Sometimes, team A would set up all its databases in a single availability zone, or team B would forget to tick the backups box. What started as empowerment quickly led to drifts in how teams were doing things, specifically at big companies. Atop, as services offered by AWS exploded, they also came with lots of cognitive-load that crews needed to cope with. It became clear that companies needed to standardize some of their infrastructure practices at scale.

The first attempt: shared modules

If we can define infrastructure as code, why can't we leverage software-alike structures for managing it at scale? That's what many companies did! CloudFormation templates, Terraform modules, and more. That eliminated drift in how different teams set up databases. Furthermore, it enabled sensible defaults across cloud resources. If we wanted to use a newer generation of EC2 instances, it was a matter of opening a Pull Request to our modules repository, and new services and deployments would use it right away.

Not all changes were easy, though. If we wanted to add or remove tags, IAM roles, or leverage a new type of instance in all the current services, it was challenging. It required intervention from each team, reviewing the changes in the upstream module and making sure it wouldn't break anything in their infrastructure. Now, multiply this effort for 30 teams that maintain 50 services. It piles up fast!

Another nightmare for engineering teams is migrations. Everyone loves them, right? When we debate moving from system A to system B, I can sense eyes rolling from engineers to CEOs. Migrations don't deliver value; they're not sexy, and they are often a Sisyphean task to accomplish. Imagine that you had to migrate from Datadog to Prometheus/Grafana. You can start imagining all those modules you have as code: metrics sending, instance tagging, dashboards as code, etc., need to be replaced. Again, you can multiply it by the number of teams, services, pieces of infrastructure, and the like.

When it comes to tooling, teams usually face governance, maintenance, and vision problems. Who builds them? Who maintains them? Is this new tool I'm creating aligned with the rest we have in the company? How can I make sure of that?

One last problem is that the specific needs sometimes result in a fork of the shared modules. If an "internal open-source" (IOSS) culture doesn't exist, this can lead to a problem where these modules are useless because everyone did customizations that they didn't port upstream.
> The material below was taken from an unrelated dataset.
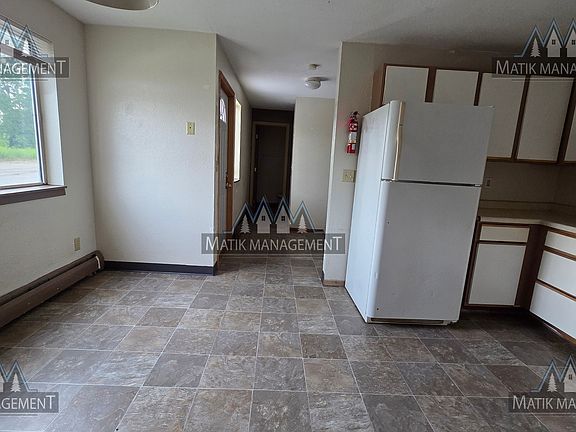 5th image of 2635 Malmquist Ave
Platforms as a Service: a multiplier effect

If shared modules scale poorly and rely on a solid IOSS culture to last, is there any alternative? From Zalando to HubSpot or Adevinta, many organizations started a path towards an internal Platform-as-a-Service (PaaS).

The idea behind a PaaS is to:
  1. Reduce cognitive load in the product teams, making them focused on delivering value to the final user.
  2. Provide a cohesive set of tools that help increase engineers' productivity. How can we make sure that these folks have 80% of what they need daily, out-of-the-box?
  3. Benefit from economies of scale. If we can reduce computing spending by 10% through the platform without any intervention from our engineering teams, that's a massive gain.
  4. Ease migration paths. Over the last decade, we've seen a fast transition in how people deploy applications: VMs on-premise -> EC2 AMIs -> Containers. It won't stop here. There are already novel models — such as KNative or Dapr — that allow users to get a serverless experience. How can we ease the migration so teams don't need to reinvent the wheel in every part of the company?
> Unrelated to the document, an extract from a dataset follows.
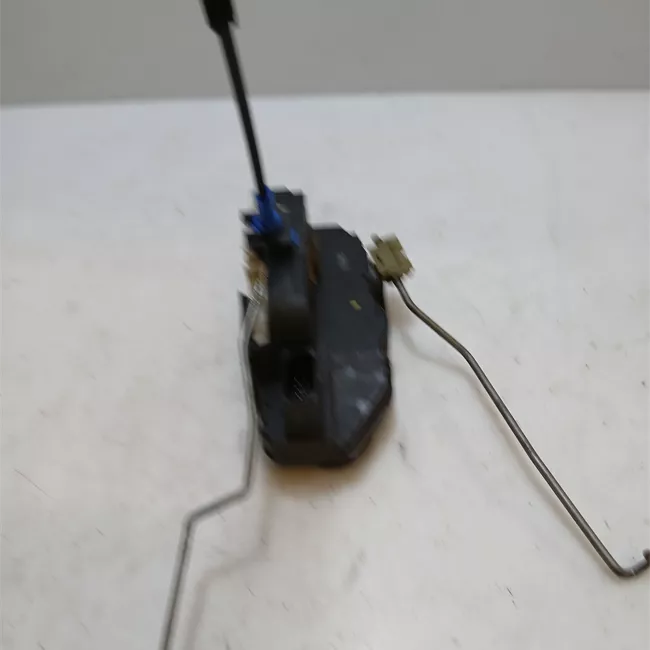 Serratura porta anteriore destra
Some folks are skeptical about this kind of platform because they abstract stuff away from engineers. In some sense, it may be a new developer vs. operations division. I think, however, that's not the case. One of the most significant issues with modern software development is that they're many moving pieces. Keeping the cognitive load at an acceptable level is a requirement for teams to succeed. 

I knew something about setting up infrastructure, but I was still blown away by Heroku back in the day. Considering how efficient — I mean, software development-wise, and not the total lead time — big companies like Amazon, Google, et al., it's critical to provide tools that make your engineers productive from the very first day. That happens so frequently that engineers from the FAANGs have a hard time joining startups or companies where CI/CD, code search, or build caching tools are not on par with what they used to have. There's even a Github repository with open-source alternatives to Google's internal tooling.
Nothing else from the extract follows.